_WHAT YOU SHOULD DO_
Copy the records below exactly, starting at the line that contains "Job listing home page" and ending at the line that contains "1Pc Jinx Print"; leave out any pictures.

_RECORDS SHOWN_
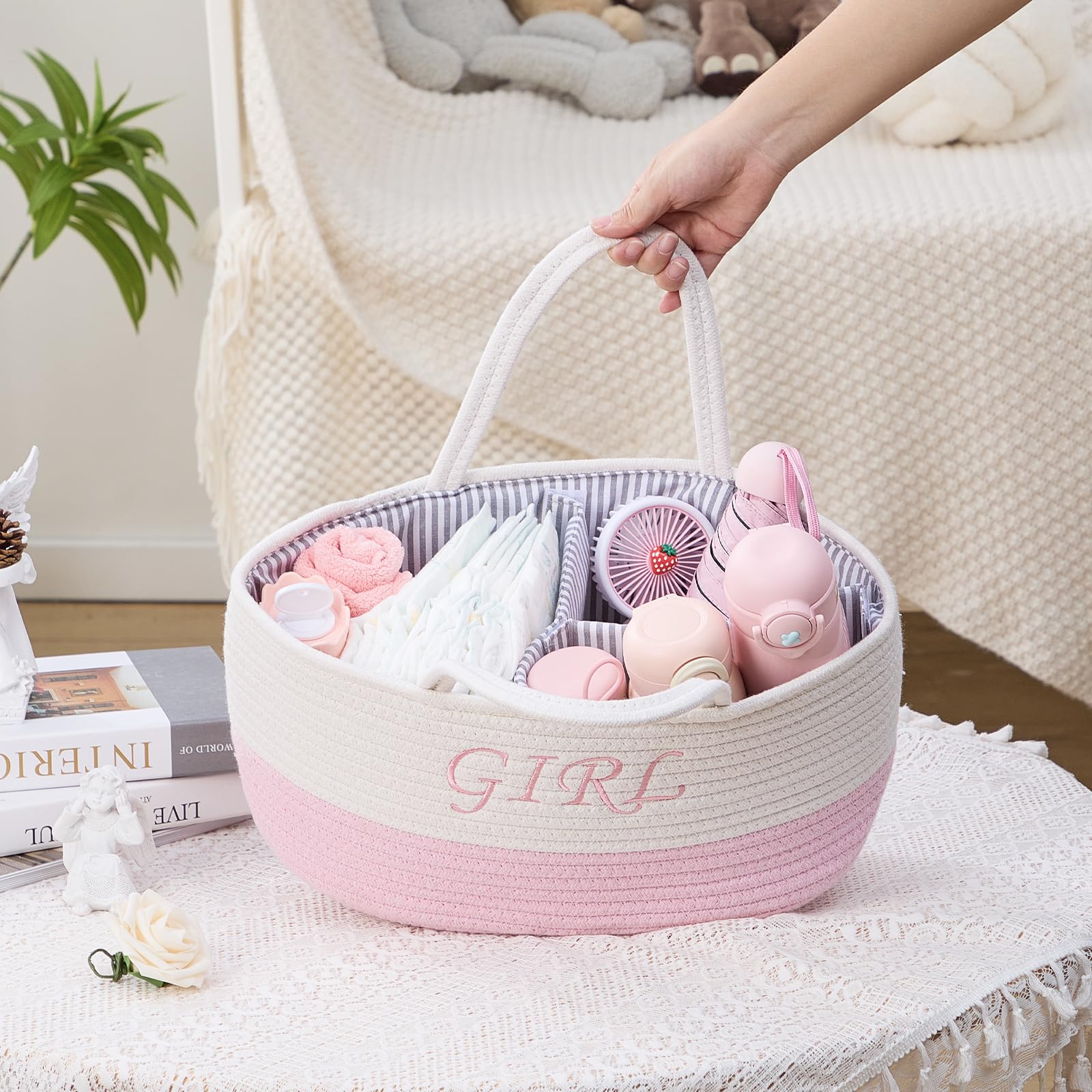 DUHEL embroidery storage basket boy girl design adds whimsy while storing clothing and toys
--
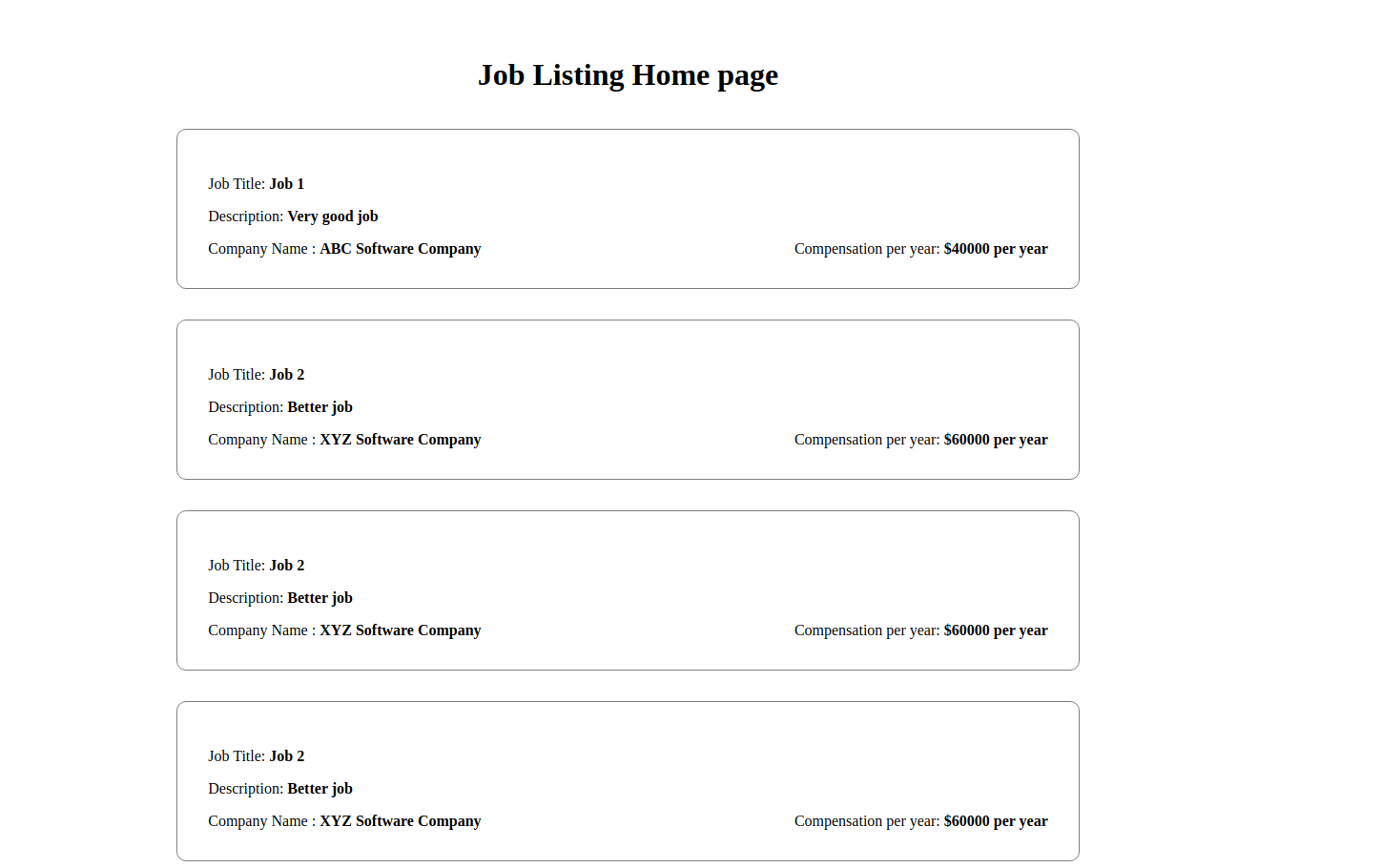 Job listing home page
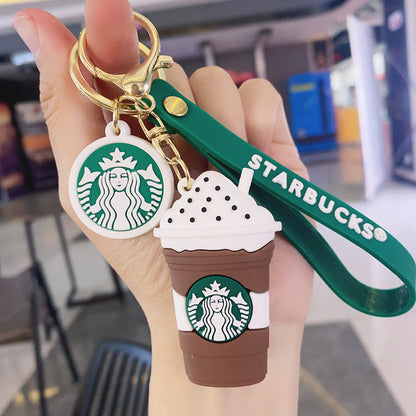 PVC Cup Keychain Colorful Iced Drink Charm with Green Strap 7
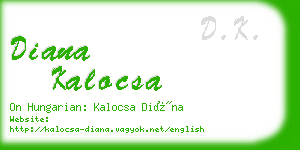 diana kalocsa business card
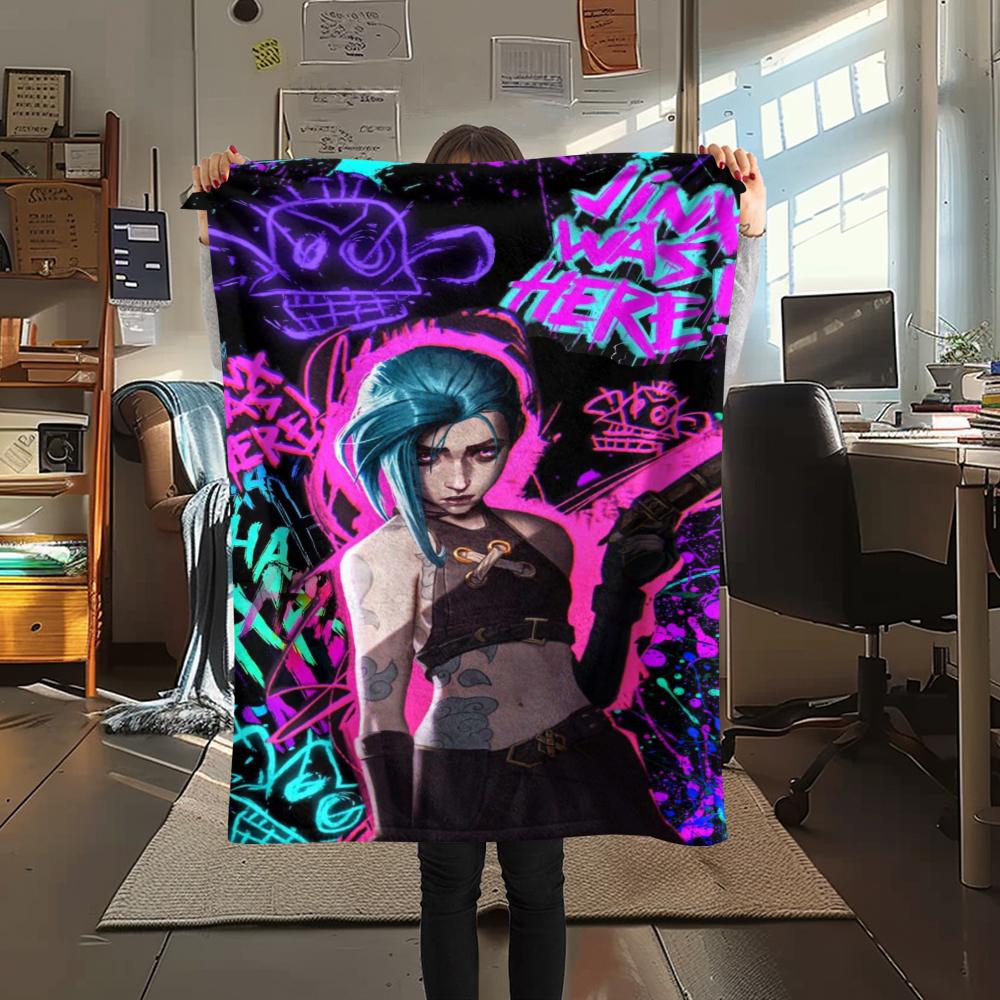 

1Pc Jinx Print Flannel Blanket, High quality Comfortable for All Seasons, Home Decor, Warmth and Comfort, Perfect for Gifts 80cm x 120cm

_SOLUTION FOR THIS TASK_
 Job listing home page
 PVC Cup Keychain Colorful Iced Drink Charm with Green Strap 7
 diana kalocsa business card

1Pc Jinx Print Flannel Blanket, High quality Comfortable for All Seasons, Home Decor, Warmth and Comfort, Perfect for Gifts 80cm x 120cm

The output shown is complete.